Al reincorporarse Amador de los Ríos a la cátedra y recorrer la lista se fijó en la nota, tan fácilmente ganada por mí, y me dirigió las siguientes palabras: «¡Caramba!, señor Castillo, ¡un sobresaliente…! Mañana dará usted la lección, a ver si es verdad que nos resulta usted un castillo histórico».
La injusta agresividad de sordo desconfiado y rencoroso proseguía en contra mía, pero sin lograr abatirme, sino todo lo contrario, me estimulaba, y al salir de clase me encaminé a la Biblioteca Nacional, refugio de los estudiantes pobres como yo, y me puse a estudiar y a tomar notas, con el mayor entusiasmo, para aquella enrevesada lección de nuestra historia de la época árabe, de la obra de Víctor Duruy, la mejor entonces de las publicadas sobre la materia. Continué mi trabajo toda la mañana siguiente faltando a las clases, puesto que me jugaba el todo por el todo, y, como era de esperar, por la tarde di mi lección contestando, además, cumplidamente a todas las objeciones y preguntas que me dirigió el maestro, muchas de ellas conceptuadas por todos como verdaderas pegas. Pero salí airoso, muy a pesar suyo, de aquel empeñado duelo, desarrollado en forma desigual, y al final del cual y al dar la hora el bedel me llamó aparte para decirme que, a pesar de todo, continuábamos, ambos, en la misma posición.
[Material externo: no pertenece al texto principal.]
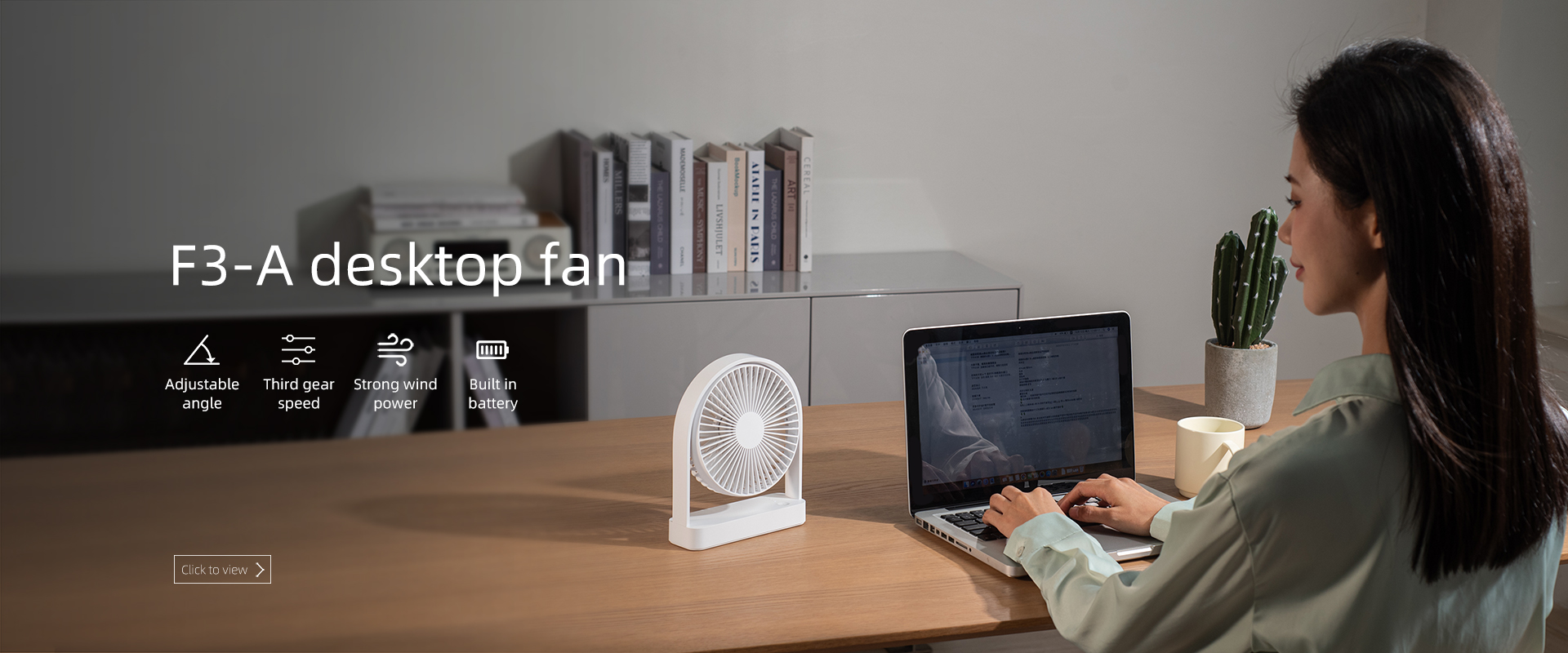 Customized USB Type-C Handheld Fan Transparent Crystal Convenient Mini Plastic Fan Three Wind Battery for Home Car Use Wholesale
Ello, no obstante, no me desanimó, porque lo ya ganado por mí dejó huella en mi favor, logrando que me preguntase varias veces durante el resto del curso, no logrando cogerme descuidado, lo que debilitaba sus armas y reforzaba las mías, hasta que llegamos a mi examen, que fue espectacular, logrando yo hacer un ejercicio de sobresaliente que, al expedir las notas, se convirtió en un injusto «bueno», como me ocurrió con Ayuso, que, sin embargo, consideré como una verdadera victoria sobre una injusticia sostenida por una mala pasión.
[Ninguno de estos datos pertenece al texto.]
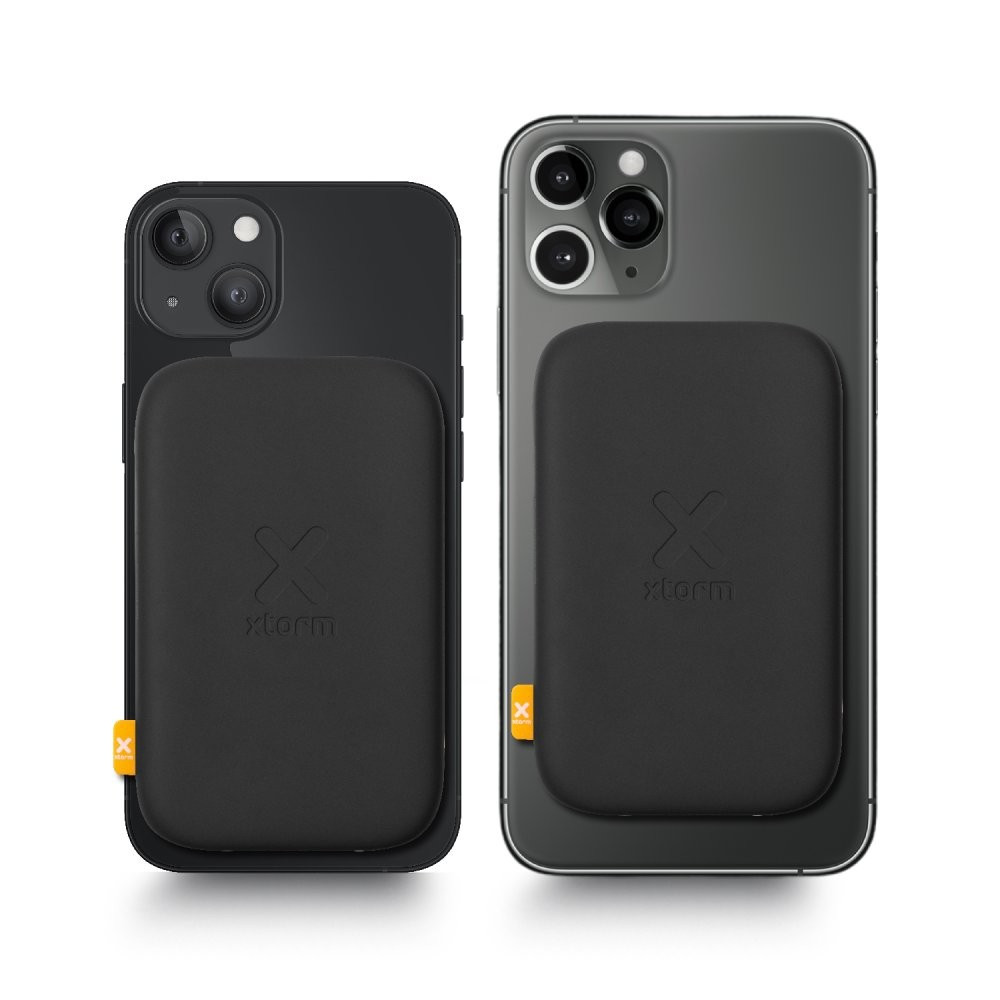 Powerbank magnetyczny 5000 mAh czarny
A los dos días me crucé con él en el descansillo de la gran escalera de la universidad, quitándome el sombrero como saludo respetuoso, cuando oí su llamada que me hizo detener.
–¿Qué tal de satisfecho quedó usted de su examen?
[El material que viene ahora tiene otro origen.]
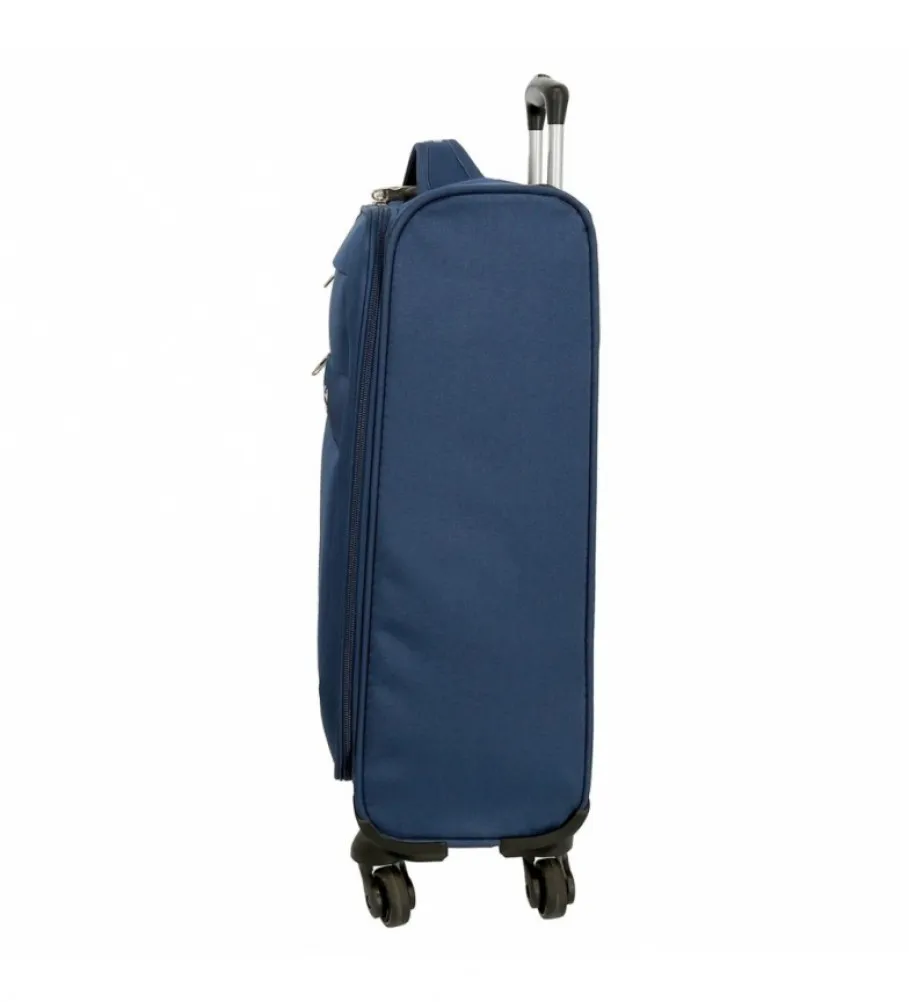 MALETA DE CABINA ROLL ROAD ROYCE 55CM AZUL 40X55X20CM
–Eso lo dejo al aprecio de usted, que lo juzgó –le respondí con la mayor seriedad.
–Pues entiendo que debió usted salir muy satisfecho, porque en lugar de un suspenso que, decididamente, le tenía reservado, aún le di nota.
–Y yo, muy agradecido, don Rodrigo, aunque insisto en negar la ofensiva afirmación de usted de una burla y una falta de respeto que, en mí, es imposible.
–¡Bueno! La cosa ha pasado ya; no me guarde usted rencor y cuénteme en adelante como un buen amigo suyo.
–Muchas gracias –le contesté, despidiéndome de él con un saludo respetuoso, no dejando de estimar el manifiesto arrepentimiento de aquel hombre, cuya conducta obedeció, realmente, a una causa psicológica propia de su defecto físico.